# Rowbotham coastal tankers 1931-38 (TILLERMAN)



## colin brookes

Hello , i am looking for details of Rowbotham tankers built in the1930s with the intention of building a model in the near future. I require the length and breadth of following vessels
1/ Tillerman 1931
2/ Rudderman 1934
3/ Wheelsman 1935
4/ Steersman 1936 (length 143 breadth 23.62 )
5/ Guidesman 1938
I believe that the Tillerman was the smallest of the vessels with a length of 115ft ?
I would be grateful if anybody has any additional photos in addition to the excellent ones already posted on Ships Nostalgia of these vessels. (Photos showing the tank and pipe arrangement on the main deck would also be appreciated. )
The intention at present is to make a model of the Tillerman , but details of the other vessels would be much appreciated.
Many thanks Colin.


----------



## meechingman

Hi

My father was with Rowbothams for some years and was Master of Tillerman amongst others.

I'd recommend you seek out Revd. A Huckett's book 'Rowbotham' as it's a mine of information.
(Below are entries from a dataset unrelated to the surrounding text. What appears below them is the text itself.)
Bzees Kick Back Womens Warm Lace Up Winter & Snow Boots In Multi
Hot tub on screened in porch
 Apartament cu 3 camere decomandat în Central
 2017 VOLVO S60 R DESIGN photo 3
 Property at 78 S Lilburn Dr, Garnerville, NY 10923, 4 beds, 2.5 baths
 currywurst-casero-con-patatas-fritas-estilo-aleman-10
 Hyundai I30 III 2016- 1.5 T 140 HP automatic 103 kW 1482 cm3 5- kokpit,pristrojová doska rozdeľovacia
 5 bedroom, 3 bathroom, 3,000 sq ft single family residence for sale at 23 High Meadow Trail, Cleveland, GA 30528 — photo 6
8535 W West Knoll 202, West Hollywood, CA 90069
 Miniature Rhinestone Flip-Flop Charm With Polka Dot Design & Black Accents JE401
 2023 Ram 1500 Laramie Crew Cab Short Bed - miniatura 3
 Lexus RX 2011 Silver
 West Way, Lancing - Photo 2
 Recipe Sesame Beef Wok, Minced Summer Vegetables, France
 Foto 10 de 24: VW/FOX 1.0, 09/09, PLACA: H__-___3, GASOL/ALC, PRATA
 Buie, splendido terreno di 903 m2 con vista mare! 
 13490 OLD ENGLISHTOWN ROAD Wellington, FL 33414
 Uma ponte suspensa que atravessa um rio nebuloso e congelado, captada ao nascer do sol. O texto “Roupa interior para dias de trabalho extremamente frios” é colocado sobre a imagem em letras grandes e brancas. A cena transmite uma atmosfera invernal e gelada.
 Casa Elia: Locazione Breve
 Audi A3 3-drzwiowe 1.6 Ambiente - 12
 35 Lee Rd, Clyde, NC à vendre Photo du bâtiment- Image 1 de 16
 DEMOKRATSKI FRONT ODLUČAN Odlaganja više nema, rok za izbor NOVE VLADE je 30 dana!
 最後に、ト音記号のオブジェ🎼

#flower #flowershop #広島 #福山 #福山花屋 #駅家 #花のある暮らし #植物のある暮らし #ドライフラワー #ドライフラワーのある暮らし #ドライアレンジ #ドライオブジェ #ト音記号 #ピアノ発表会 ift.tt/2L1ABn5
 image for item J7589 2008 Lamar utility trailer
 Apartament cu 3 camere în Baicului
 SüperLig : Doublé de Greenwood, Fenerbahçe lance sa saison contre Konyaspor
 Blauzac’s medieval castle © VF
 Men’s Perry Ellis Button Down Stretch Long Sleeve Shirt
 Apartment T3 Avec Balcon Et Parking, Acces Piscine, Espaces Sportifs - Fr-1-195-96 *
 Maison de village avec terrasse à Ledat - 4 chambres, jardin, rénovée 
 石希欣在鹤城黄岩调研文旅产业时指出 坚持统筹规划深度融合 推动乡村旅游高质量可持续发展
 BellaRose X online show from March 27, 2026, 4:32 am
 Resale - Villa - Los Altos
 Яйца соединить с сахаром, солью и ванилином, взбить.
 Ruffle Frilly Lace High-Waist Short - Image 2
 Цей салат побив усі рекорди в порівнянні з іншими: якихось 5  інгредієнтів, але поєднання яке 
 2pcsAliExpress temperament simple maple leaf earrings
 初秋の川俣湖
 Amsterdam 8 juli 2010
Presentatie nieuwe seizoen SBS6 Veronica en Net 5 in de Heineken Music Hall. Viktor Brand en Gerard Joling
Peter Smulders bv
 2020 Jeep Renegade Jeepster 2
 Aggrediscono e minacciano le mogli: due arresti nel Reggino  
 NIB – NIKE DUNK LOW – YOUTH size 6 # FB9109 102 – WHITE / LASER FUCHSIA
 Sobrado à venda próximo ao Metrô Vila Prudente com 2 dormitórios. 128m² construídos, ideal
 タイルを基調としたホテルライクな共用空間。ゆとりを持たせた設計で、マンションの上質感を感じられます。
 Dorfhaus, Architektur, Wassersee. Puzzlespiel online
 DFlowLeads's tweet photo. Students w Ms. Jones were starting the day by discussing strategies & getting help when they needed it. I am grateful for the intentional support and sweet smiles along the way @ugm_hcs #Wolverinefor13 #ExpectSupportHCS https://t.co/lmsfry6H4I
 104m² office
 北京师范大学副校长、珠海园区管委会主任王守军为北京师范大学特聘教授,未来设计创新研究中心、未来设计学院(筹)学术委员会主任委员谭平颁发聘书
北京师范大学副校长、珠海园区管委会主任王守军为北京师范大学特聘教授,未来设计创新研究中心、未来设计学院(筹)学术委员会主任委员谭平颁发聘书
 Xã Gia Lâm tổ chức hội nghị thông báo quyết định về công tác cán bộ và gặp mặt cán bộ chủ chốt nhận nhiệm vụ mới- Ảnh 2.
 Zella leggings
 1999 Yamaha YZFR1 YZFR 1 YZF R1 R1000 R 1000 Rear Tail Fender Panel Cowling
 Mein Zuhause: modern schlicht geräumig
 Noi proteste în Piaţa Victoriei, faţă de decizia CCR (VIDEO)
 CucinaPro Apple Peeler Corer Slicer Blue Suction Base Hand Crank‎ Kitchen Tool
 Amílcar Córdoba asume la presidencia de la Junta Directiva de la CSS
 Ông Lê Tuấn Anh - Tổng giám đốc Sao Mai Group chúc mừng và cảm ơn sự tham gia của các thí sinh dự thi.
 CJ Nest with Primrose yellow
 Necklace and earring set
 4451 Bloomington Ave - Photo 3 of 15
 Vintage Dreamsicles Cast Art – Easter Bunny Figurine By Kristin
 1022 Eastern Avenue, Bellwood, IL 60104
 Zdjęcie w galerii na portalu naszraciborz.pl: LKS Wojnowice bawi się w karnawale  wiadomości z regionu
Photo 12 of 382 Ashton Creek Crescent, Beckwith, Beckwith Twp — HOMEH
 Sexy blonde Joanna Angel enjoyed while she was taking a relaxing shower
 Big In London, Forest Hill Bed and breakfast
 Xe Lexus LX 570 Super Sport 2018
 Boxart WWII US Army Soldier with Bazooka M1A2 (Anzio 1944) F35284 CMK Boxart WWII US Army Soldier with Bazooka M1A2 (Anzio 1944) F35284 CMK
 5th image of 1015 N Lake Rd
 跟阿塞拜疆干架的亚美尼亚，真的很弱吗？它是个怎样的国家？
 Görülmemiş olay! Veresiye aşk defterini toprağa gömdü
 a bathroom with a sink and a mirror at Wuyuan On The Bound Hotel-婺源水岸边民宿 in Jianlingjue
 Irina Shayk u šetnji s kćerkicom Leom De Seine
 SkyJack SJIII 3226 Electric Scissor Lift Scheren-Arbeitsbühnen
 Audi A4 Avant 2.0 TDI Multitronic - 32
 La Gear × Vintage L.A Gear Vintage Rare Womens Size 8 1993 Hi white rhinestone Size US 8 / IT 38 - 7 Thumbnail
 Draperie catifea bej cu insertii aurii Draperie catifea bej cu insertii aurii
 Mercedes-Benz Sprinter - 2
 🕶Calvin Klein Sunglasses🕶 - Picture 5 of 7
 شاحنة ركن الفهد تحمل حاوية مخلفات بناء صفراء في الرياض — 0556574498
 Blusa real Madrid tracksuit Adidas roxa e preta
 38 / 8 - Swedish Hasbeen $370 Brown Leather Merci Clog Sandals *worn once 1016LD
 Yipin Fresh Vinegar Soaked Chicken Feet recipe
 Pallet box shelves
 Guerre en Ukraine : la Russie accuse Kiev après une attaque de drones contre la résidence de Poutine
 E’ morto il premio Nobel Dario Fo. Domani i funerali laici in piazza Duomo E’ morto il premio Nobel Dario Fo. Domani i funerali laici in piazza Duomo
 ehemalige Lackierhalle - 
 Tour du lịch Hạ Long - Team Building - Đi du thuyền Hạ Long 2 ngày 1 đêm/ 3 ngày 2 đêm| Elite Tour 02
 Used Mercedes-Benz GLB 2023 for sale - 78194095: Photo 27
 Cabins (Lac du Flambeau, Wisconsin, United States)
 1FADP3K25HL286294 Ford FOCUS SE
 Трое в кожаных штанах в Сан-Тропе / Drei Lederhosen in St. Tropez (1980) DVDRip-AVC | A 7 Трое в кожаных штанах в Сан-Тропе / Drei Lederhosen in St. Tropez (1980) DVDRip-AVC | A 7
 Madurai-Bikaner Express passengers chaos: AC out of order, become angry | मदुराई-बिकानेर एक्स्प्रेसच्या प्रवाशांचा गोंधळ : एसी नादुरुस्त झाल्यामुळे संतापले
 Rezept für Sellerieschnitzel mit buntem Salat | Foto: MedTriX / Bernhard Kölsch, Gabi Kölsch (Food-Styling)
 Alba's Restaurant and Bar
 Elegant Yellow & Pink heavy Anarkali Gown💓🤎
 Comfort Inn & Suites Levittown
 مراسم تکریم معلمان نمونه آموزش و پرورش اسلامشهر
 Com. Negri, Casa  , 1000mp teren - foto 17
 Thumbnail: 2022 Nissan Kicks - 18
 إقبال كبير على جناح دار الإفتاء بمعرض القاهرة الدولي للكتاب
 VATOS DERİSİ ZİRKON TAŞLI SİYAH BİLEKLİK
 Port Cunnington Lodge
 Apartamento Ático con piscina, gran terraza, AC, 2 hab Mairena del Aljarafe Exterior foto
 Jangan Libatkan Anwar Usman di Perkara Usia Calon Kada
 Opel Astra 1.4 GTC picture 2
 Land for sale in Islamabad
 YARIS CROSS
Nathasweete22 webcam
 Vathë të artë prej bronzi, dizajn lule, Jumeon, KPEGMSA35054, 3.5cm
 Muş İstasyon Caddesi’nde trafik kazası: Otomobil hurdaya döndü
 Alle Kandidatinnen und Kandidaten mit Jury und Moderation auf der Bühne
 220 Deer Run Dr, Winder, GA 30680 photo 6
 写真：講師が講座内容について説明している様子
Some of the details and photos were supplied by my father and me.

Tillerman:
114'6" x 22'1" x 8'3". 220gross, 95 net, 230 deadweight.

Rudderman:
132'2" x 23'5" x 9'0" 290gr, 130net, 360dwt

Wheelsman:
132'2" x 23'5" x 9'0" 287ge, 123net, 355 dwt

Steersman:
143'4" x 23'9" x 9'4" 338gr, 145 neet, 414 dwt

Guidesman:
119'5" x 22'10" x 8'9" 233gr, 92 net, 271 dwt


Hope that helps.

If you PM me with your email address I have some private photos of Tillerman that may help as one shows the deck layout reasonably well, but I don't have permission to put them into the S/N gallery at the moment.

Andy


----------



## colin brookes

Hi Andy
Many thanks for your information which is of great help as i now can go ahead and decide which of the tankers to build.
I had managed to find photos of each of the tankers listed but no details of their dimensions, none of the photos i have show any clear details of the deck layout,
any photos which you could email to me would be much appreciated.
Best Regards
Colin.


----------